Cognitive schema are a conceptual model from cognitive psychology that explains how we organize information about the world:

“schema…[are] mental structures that an individual uses to organize knowledge and guide cognitive processes and behavior. People use schemata (the plural of schema) to categorize objects and events based on common elements and characteristics and thus interpret and predict the world. New information is processed according to how it fits into these mental structures, or rules. In social science, particularly in cognitive science, it is understood that humans retrieve knowledge from various areas to draw conclusions about missing or non-evidential information, such as during decision making or political evaluation. Schemata represent the ways in which the characteristics of certain events or objects are recalled, as determined by one’s self-knowledge and cultural-political background. Examples of schemata include rubrics, perceived social roles, stereotypes, and worldviews.”[i]

A single experience, no matter how grand and overwhelming, is not enough to restructure the entirety of one’s cognitive schema. In order for me to accept that God exists, rather than that I was hallucinating, I first would need to have many small experiences that restructured my cognitive schema and open a slot for “God” to fit into.

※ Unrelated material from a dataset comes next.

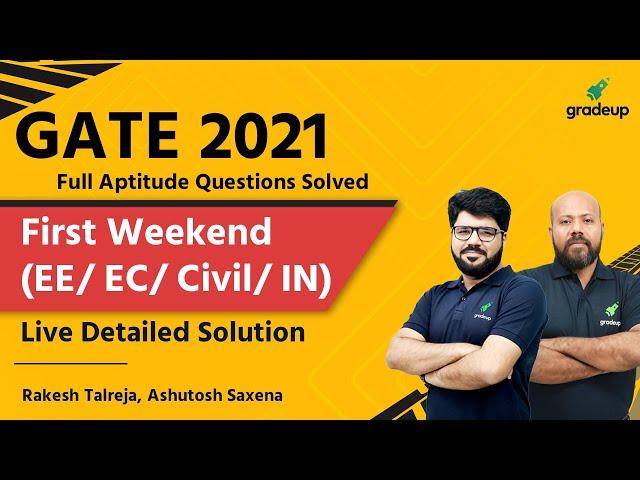 GATE2021 Aptitude Questions Solved !! Detailed Solution Discussion | EE/EC/Civil/IN | Gradeup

In the same way, “ God” is woven through believers’ cognitive schema. It takes many small experiences, many bits of information learn over a long time to unweave God from the way one perceives and process the world, and even longer until God no longer fits into one’s schema at all.

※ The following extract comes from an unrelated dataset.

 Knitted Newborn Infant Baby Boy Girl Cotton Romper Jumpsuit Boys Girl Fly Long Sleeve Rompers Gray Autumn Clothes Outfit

This is why there is no single knock-down argument that can convince a believer that their faith is mistaken, or which can convince an atheist that God is real. It's why even world shattering, life-changing experiences rarely cause people to lose their faith, and why a personal experience of God speaking to me and telling me that Orthodoxy is the truth wouldn't convince me to be frum.




[i] Schema,
Encyclopedia Britannica. Retrieved from https://www.britannica.com/science/schema-cognitive

Wednesday, December 12, 2018

Miracle Mechanics

I recently came across an article that discusses how some of the "miracles" in ancient temples were done. Among the miracles it describes is "miraculous" lamps that never went out. There were several ways of achieving the effect. The simplest was for the priests to refill the lamps when no one was around. Alternatively, a small hidden pipe connected the lamp's reservoir to a back room, through which the priests could refill the lamp with no worshiper ever knowing.

I wonder if the Chanukah miracle was achieved this way. Or, perhaps more realistically, if such "miraculous" lamps were common in temples, and they became conflated with the lighting of the menorah at the re-dedication of the Beis HaMikdash or otherwise inspired the story of the oil burning for eight days.




Hero of Alexandria's "Pnuematics," mentioned in the article, makes fascinating reading. It's a catalogue of how various "miracles" were done. I can imagine the worshipers who witnessed these miracles knowing with certainty that their gods were real. They had seen the god's power for themselves!

I wonder what the priests thought. I would guess that they saw their mechanical miracles as ways to create a properly inspiring atmosphere for the worshipers at their temples. A kind of pious lie told for the greater good of the masses and the glory of their gods.